# 1. Import libraries & define global variables

In [9]:
import sys
print(sys.executable)

%pip install pyarrow xlsxwriter

c:\Users\bakan\AppData\Local\Programs\Python\Python313\python.exe
Note: you may need to restart the kernel to use updated packages.


In [10]:
from dataclasses import dataclass, field
from joblib import delayed, Parallel
from time import perf_counter
from typing import Self

from tqdm import tqdm

import numpy as np
import polars as pl
import pandas as pd


N_MONTHS = 60 # the first 5 years
MU_NONSMOKER, MU_SMOKER = 0.03, 0.09 

N_POLICYHOLDERS = 1_000
BENEFIT_AMOUNT_FOR_ALL_POLICYHOLDERS = 100_000
AGE = 25 # doesn't really matter in this scenario
PERCENT_SMOKER = 0.20
MAX_LIFESPAN = 1200  # 100years, doesn't really matter in this scenario

N_SIMULATIONS = 1_000

# 2. Create helper classes & functions

In [11]:
def get_time(t: float, dp: int | None = 1) -> tuple[float, str]:
    if t < 60:
        return np.around(t, dp), "seconds"
    if t < 60 * 60:
        return np.around(t / 60, dp), "minutes"
    if t < 60 * 60 * 24:
        return np.around(t / (60 * 60), dp), "hours"

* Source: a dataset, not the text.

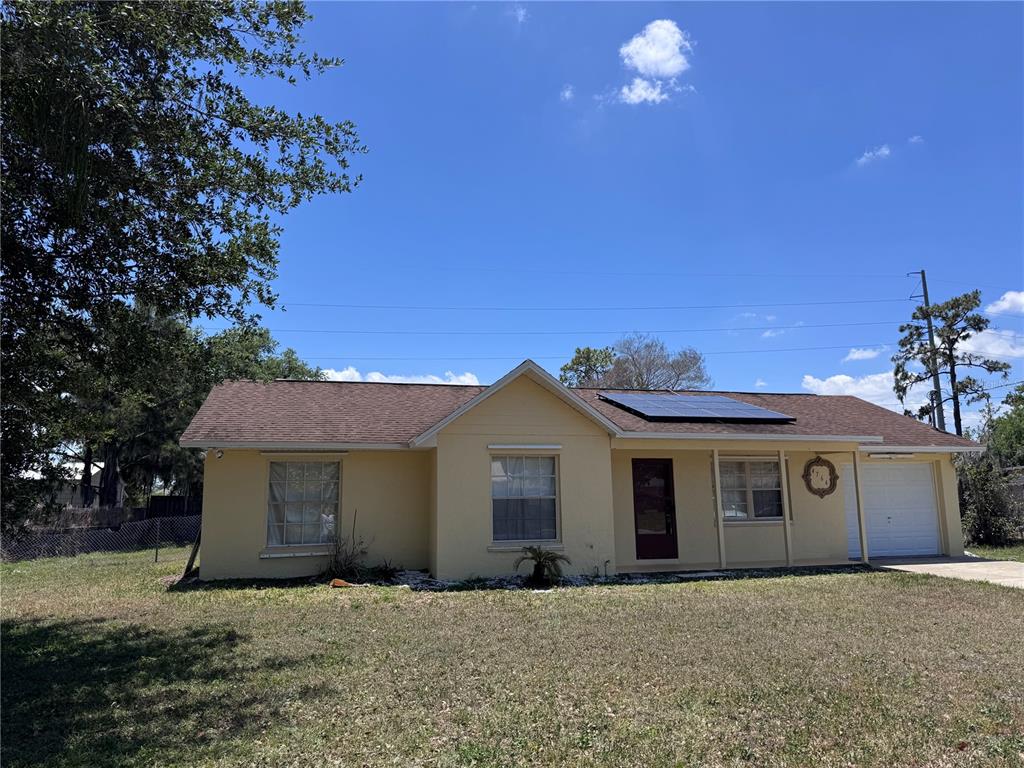A single-story yellow house with a brown roof, solar panels, and an attached garage — 4764 MALLARD DRIVE, ST CLOUD, FL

    return np.around(t / (60 * 60 * 24), dp), "days"


class ExponentialMortality:
    def __init__(self, mu: float, max_lifespan: float|None=np.inf) -> None:
        self.__mu = mu 
        self.__max_lifespan = max_lifespan  # Mass point at max lifespan.
        
    @property
    def mu(self) -> float:
        return self.__mu
    
    @property
    def mu_monthly(self) -> float:
        return self.__mu / 12.0
    
    @property
    def max_lifespan(self) -> float:
        return self.__max_lifespan
    
    def copy(self) -> Self:
        return ExponentialMortality(mu=self.mu, max_lifespan=self.max_lifespan)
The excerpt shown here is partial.